Wednesday, November 12, 2008

The Decline and Fall (?) of the American Auto Empire

For three decades (yes, three) the American Auto Industry has been in decline. The pace of that decline accelerated four years ago when oil prices started to skyrocket and folks were looking to buy more dependable, fuel efficient vehicles--two things American cars historically are not. I bought my first Honda for two reasons: it was uber dependable and uber efficient in terms of fuel economy.

Two years ago, American auto dealers were reporting a steep decline of SUV sales (also known as a trend). Yet, Detroit kept making the leviathans for another two years: Hummers, Suburbans, Expeditions, et. al.

Couple this with outrageous compensation packages for employees. The current union contracts for autoworkers read something like this: work for 20 years, retire with pension, and FULL benefits including dental, health and eye insurance for THE REST OF YOUR LIFE-- oh, and that includes the fam, too. That means that if I had started working for an auto maker when I was 18, I'd be one year away from retirement. Man, oh man, did I pick the wrong gig! American auto makers are suffering from a lack of foresight and a lack of spine. Between 1998 and 2008 the auto industry paid over one half of a billion dollars for Washington lobbyists. Let's see that number again:

+ $500,000,000.00

The lobbying year 2007 accounts for almost 30 million alone. They've had to cut back a bit, you know, because of budgetary issues. "Researchers" of the auto industry claim that millions of American jobs will be affected by Detroit's demise (researchers= lobbyist groups). Ernst and Young, the lobbying group that works for Ford, also represents Exxon Mobile* and numerous financial corporations. Are you getting a picture here? Washington lobbyist groups are staying in the black by having their dirty fingers in numerous secunda mensas**. This is only one example. A good source for clear, unbiased information (i.e., charts and graphs without commentary) on how corporations are keeping Washington in their togas is:

I know that what happens to the American auto industry will affect [insert terrifyingly large number] hard-working, salt of the earth Americans. They shouldn't have to pay the price for decisions made by out of touch unions and corporate hierarchy. For that, my heart aches. But Americans will still buy cars, that they will drive, that need to be fixed and washed and fueled. So why do the augurs of Detroit's decline and fall predict millions of affected American workers? I get it, there's local businesses like restaurants, grocery stores, etc. But take a drive through the midwest sometime. There's LOTS of towns that just disappeared because jobs moved away, folks wanted their kids to get a good education (since where they were living had little to no property value) and TIMES CHANGED! Technology has improved and to support an American institution that would rather howl and throw rocks at the moon (and ask for more rocks, please) than adapt is an outrage.

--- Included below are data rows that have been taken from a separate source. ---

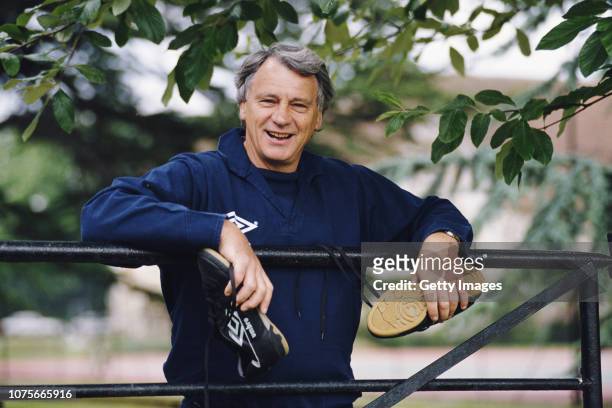 England manager Bobby Robson pictured leaning on a gate at an England Training Session on June 1, 1989 in England.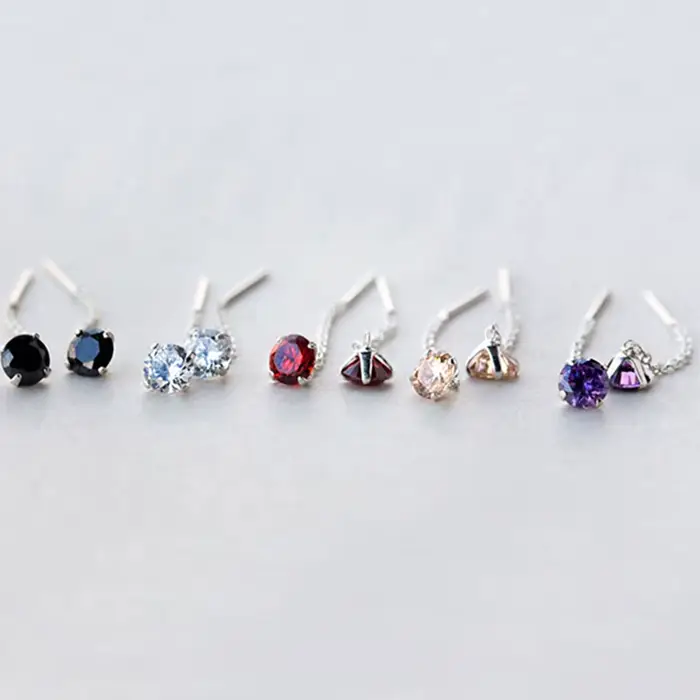 Bijoux en argent regardé 925 pour filles, boucles d'oreilles pompon à maillons, rouge clair, noir, v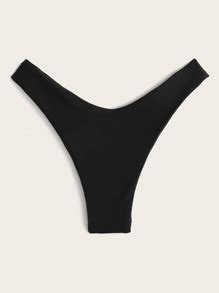 Solid High Cut Bikini Panty | SHEIN EUR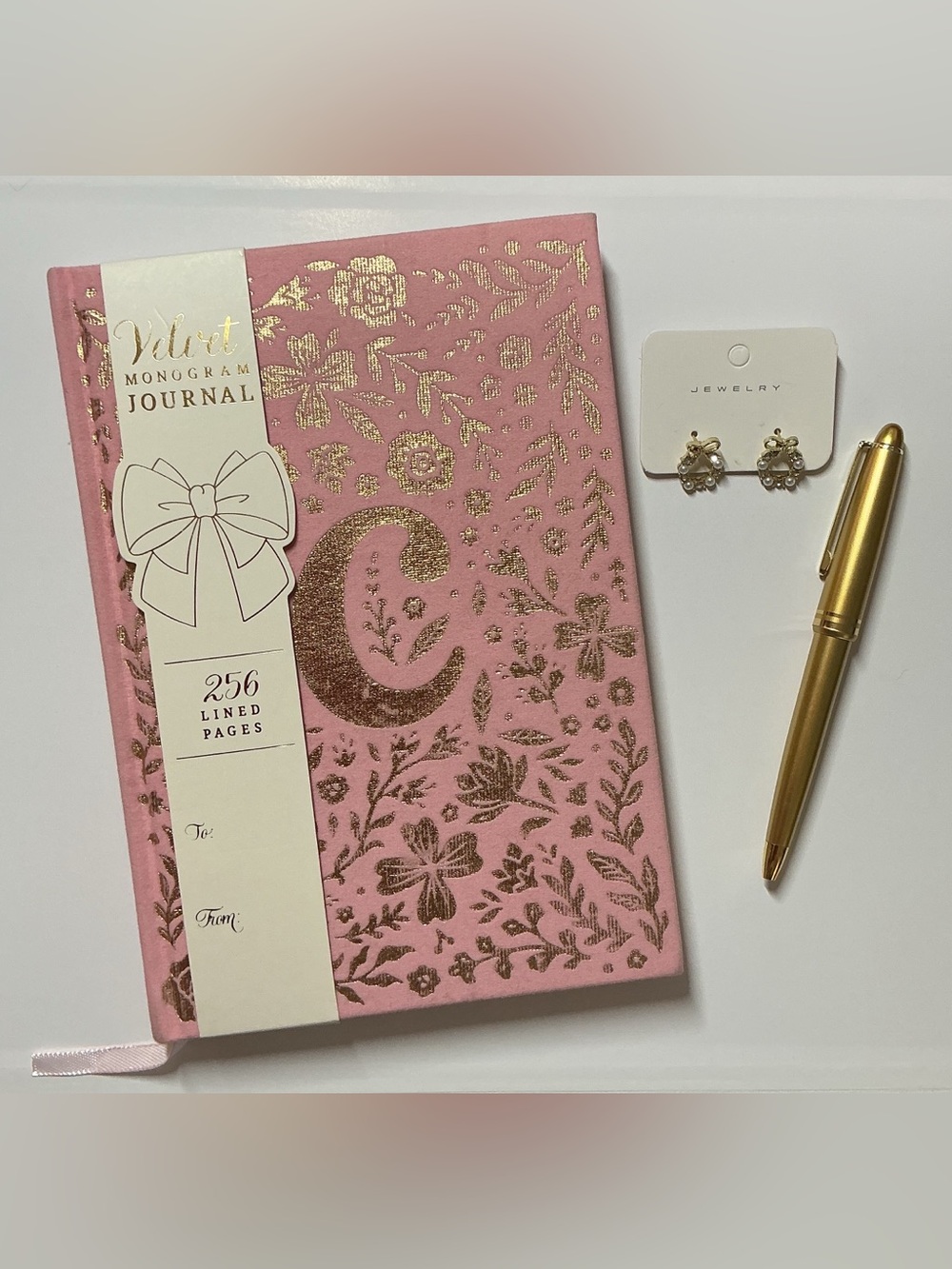 “C” Monogram Pink Velvet Journal w/Circle Accent Bow Earrings & Gold Pen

Perhaps, if ANOTHER outrageous bail-out of the auto makers is passed (they've had several), we should all contact our congresswomen and men to raise Hades about where that money goes. It should NOT line the pockets of lobbying groups any more than it should provide a gentle glide to safe ground via golden parachute for incompetent CEOs who have stood by and WATCHED while Detroit fell. (Perhaps, think of them as Nero.)

I am so sick of seeing Sarah Palin on the TV (muting, covering of the ears, resisting the urge to stab self in the eye). Why isn't the news media doing ANYthing other than talking about politicians? The election is over. Democracy cut off one of the Hydras heads. Sadly many more have grown in its place. One them I affectionately call "Sarah" (for sentimental reasons).

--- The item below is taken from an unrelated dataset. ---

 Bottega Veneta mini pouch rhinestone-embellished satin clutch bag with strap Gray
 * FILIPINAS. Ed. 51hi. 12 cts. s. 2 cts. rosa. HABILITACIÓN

So while many of us are trying to keep our togas on our backs, think fondly of our Washington lobbyists (for if we bail them out, we own them too), participating in an orgy of excess and greed with corporate CEOs and crooked politicians with Bacchanalian abandon. Saluté!

*Check the June 2008 Supreme Court ruling in the Exxon Valdez trial that affected thousands of Alaskan tax payers, Gov. Palin.

**Latin for sweet desert or pies.


skyewriter November 12, 2008 at 9:30 PM  

I think I fixed the problem with the comments section: we'll see.